Meu curso ginasial, incluindo a “Admissão ao Ginásio” (sou daquela época), foi feito na Escola Agrícola Gustavo Dutra em São Vicente, a 90 quilômetros de Cuiabá, hoje Instituto Federal de Mato Grosso, entre 1955 e 1959.
Um de meus colegas se chamava Silvio, e era conhecido por Carreupa, apelido de origem incerta e não sabida, mas que tampouco o desagradava.
Carreupa era proprietário de 237 neurônios no total, o bastante para aprender os ensinamentos escolares em nível suficiente para passar de ano. Índio grosso, era, entretanto, um amigão sempre disposto a ajudar, sorridente, nunca reclamava de nada e mantinha um espírito alegre e positivo.
Quando terminou o curso ginasial resolveu seguir seus estudos e foi encaminhado, como todos nós de São Vicente, ao Colégio Agrícola Nilo Peçanha em Pinheiral, Estado do Rio (hoje Instituto Federal do Rio de Janeiro), igualmente sob a administração do Ministério da Agricultura.
Fui aluno desse Colégio Agrícola de 1960 a 1962, onde tive um dos períodos mais felizes de minha juventude.
Pinheiral fica junto aos trilhos da antiga Estrada de Ferro Central do Brasil, entre Volta Redonda e Barra do Piraí, não sendo ponto de parada da maioria dos trens de passageiros com destino ao Rio de Janeiro. Somente uns poucos trens de subúrbio com destino a Japeri paravam em Pinheiral. Não havia serviço regular de ônibus naquela época. A estação de trem de Pinheiral foi desativada há muitos anos atrás.
A antiga estação de trem de Pinheiral, RJ
Meu querido amigo Carreupa veio de Cuiabá a São Paulo de ônibus e de ônibus continuou até Volta Redonda, quando foi informado que teria que tomar um trem para Pinheiral. E agora, como se faz para tomar um trem? Como é isso?
Com as informações obtidas, comprou uma passagem de trem até Pinheiral e ficou na plataforma apropriada esperando a próxima composição.
Acontece que o próximo a estacionar na plataforma foi um trem de minério de ferro que havia acabado de desembarcar sua carga na Usina Siderúrgica da CSN em Volta Redonda e estava voltando para Minas Gerais. Teve que parar na estação por alguns minutos esperando luz verde para seguir na rota.
Carreupa viu o trem parado e não titubeou. Achou que esse era o seu trem.
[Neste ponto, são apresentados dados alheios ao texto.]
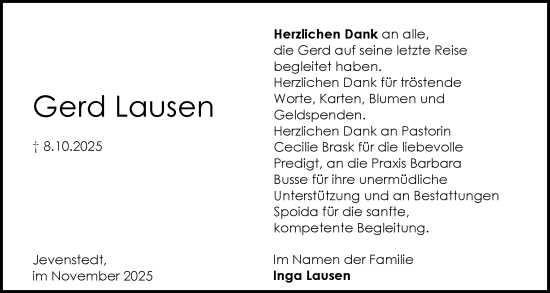 Traueranzeige von Gerd Lausen von Schleswig-Holsteinische Landeszeitung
Jogou sua mala no vagão de minério parado à sua frente e pulou para dentro dele em seguida.
Ora, se há alguma coisa neste mundo que está cheia de pó de ferro é um vagão de minério do mesmo. E o nosso Carreupa, oitavado num canto do vagão, recebeu toda a carga de pó de minério no rosto, braços, cabelos, roupa, sapatos, mala e em tudo o mais que fazia parte de sua figura. Com o trem em movimento e dentro de um vagão aberto, o vento se encarregou de impregnar esse pó em todos os milímetros quadrados do Carreupa e de seus pertences.
Na próxima parada da composição Carreupa leu a placa com o nome da estação: “PINHEIRAL”.
– Oba, é aqui que eu desço.
Pegou sua mala, pulou do vagão e ei-lo chegando em Pinheiral mais preto que bunda de nigeriano, coberto de uma camada de 3 milímetros de pó de minério de ferro, somente com o sorriso branco estampado na negra figura, e reclamando do serviço:
– Esse troço só pode ser obra do cão. Não existe viagem mais miserável no mundo do que nesse tal de trem. Deus me livre de viajar nessa porcaria de novo!